Information provided START
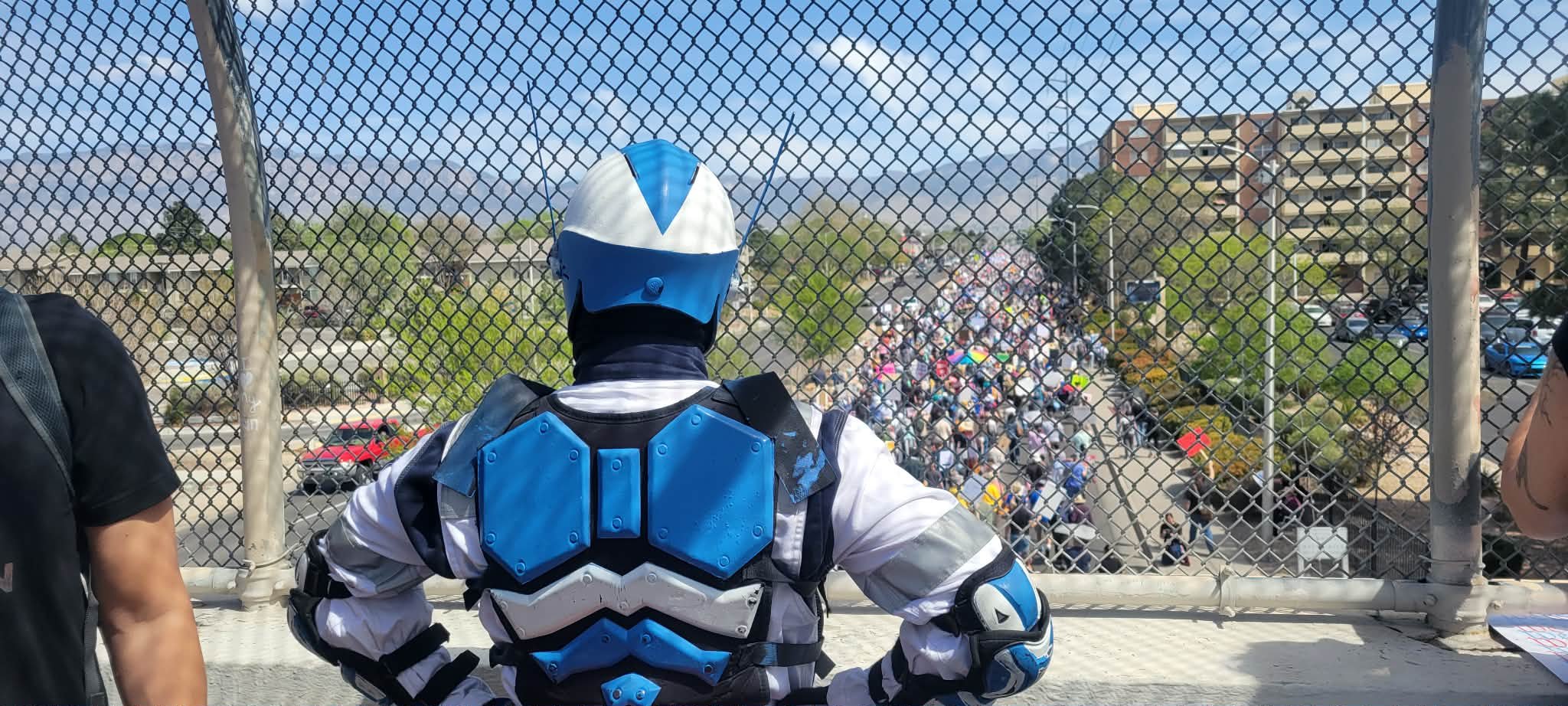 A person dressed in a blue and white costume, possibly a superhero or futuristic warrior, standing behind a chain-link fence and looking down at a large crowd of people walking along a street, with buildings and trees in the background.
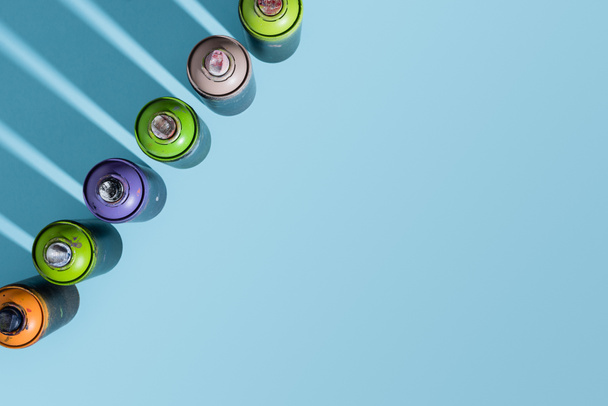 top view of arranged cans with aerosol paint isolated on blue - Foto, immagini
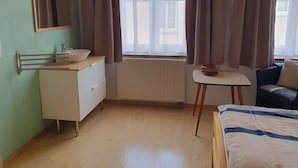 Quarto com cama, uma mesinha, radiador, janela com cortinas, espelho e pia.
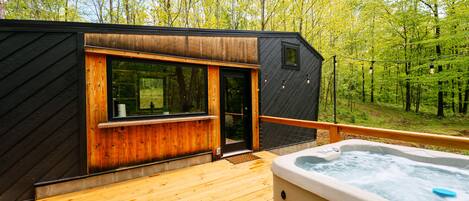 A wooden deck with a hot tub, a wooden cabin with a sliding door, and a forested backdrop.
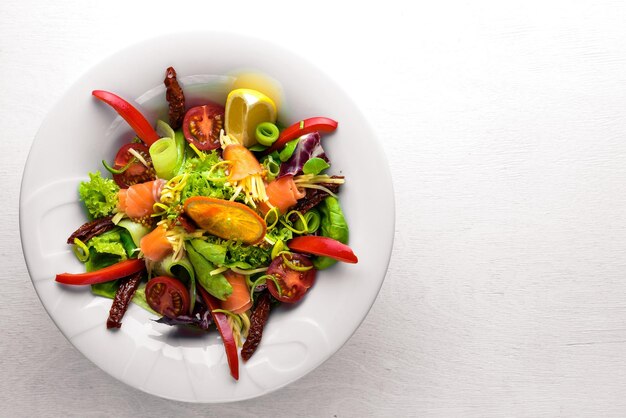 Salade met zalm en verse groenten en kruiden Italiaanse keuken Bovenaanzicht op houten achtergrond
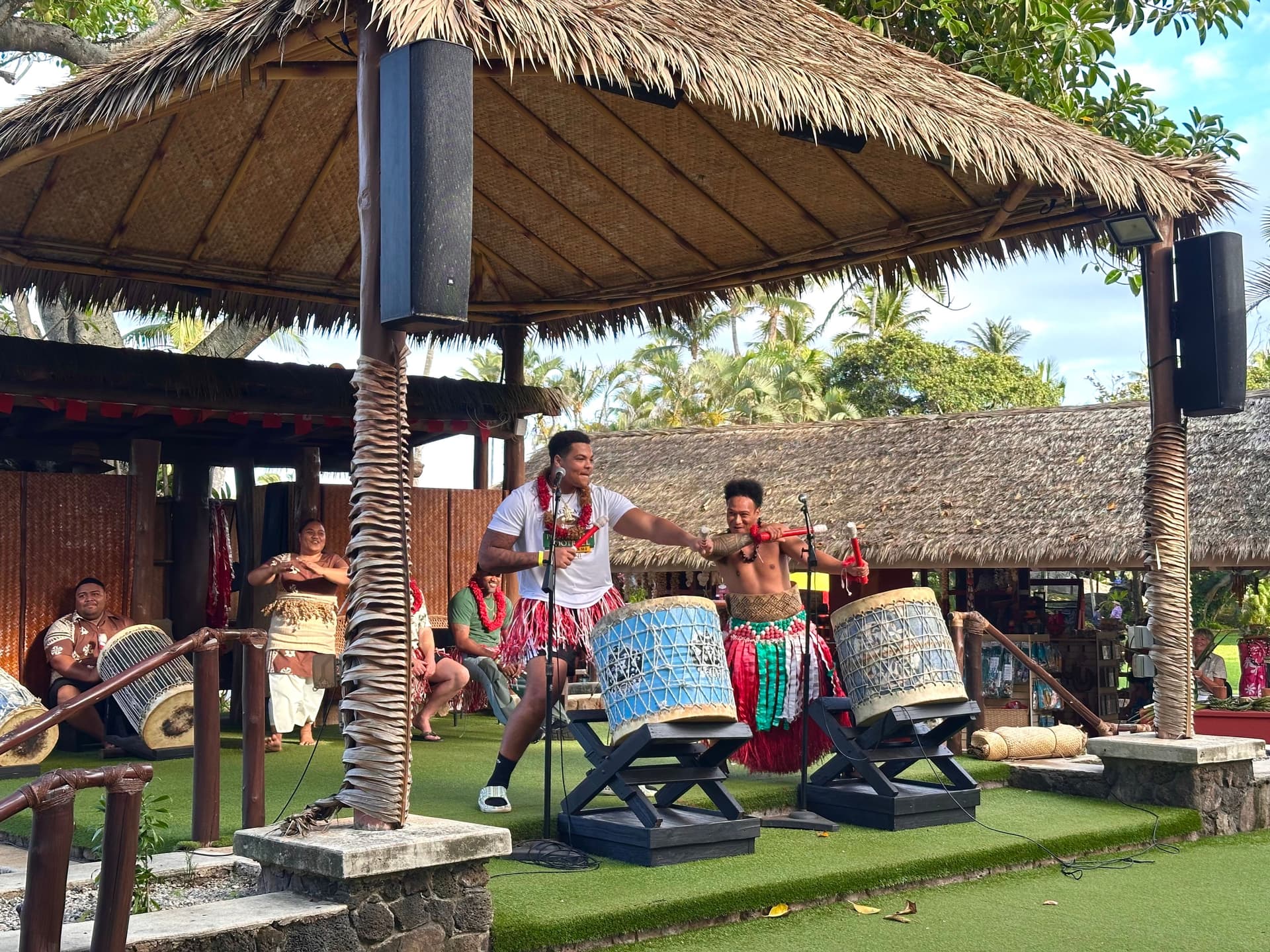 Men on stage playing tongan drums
Information provided END
* **What is needed**
Please reproduce the records above exactly, leaving out every picture.

* **Task result**
 A person dressed in a blue and white costume, possibly a superhero or futuristic warrior, standing behind a chain-link fence and looking down at a large crowd of people walking along a street, with buildings and trees in the background.
 top view of arranged cans with aerosol paint isolated on blue - Foto, immagini
 Quarto com cama, uma mesinha, radiador, janela com cortinas, espelho e pia.
 A wooden deck with a hot tub, a wooden cabin with a sliding door, and a forested backdrop.
 Salade met zalm en verse groenten en kruiden Italiaanse keuken Bovenaanzicht op houten achtergrond
 Men on stage playing tongan drums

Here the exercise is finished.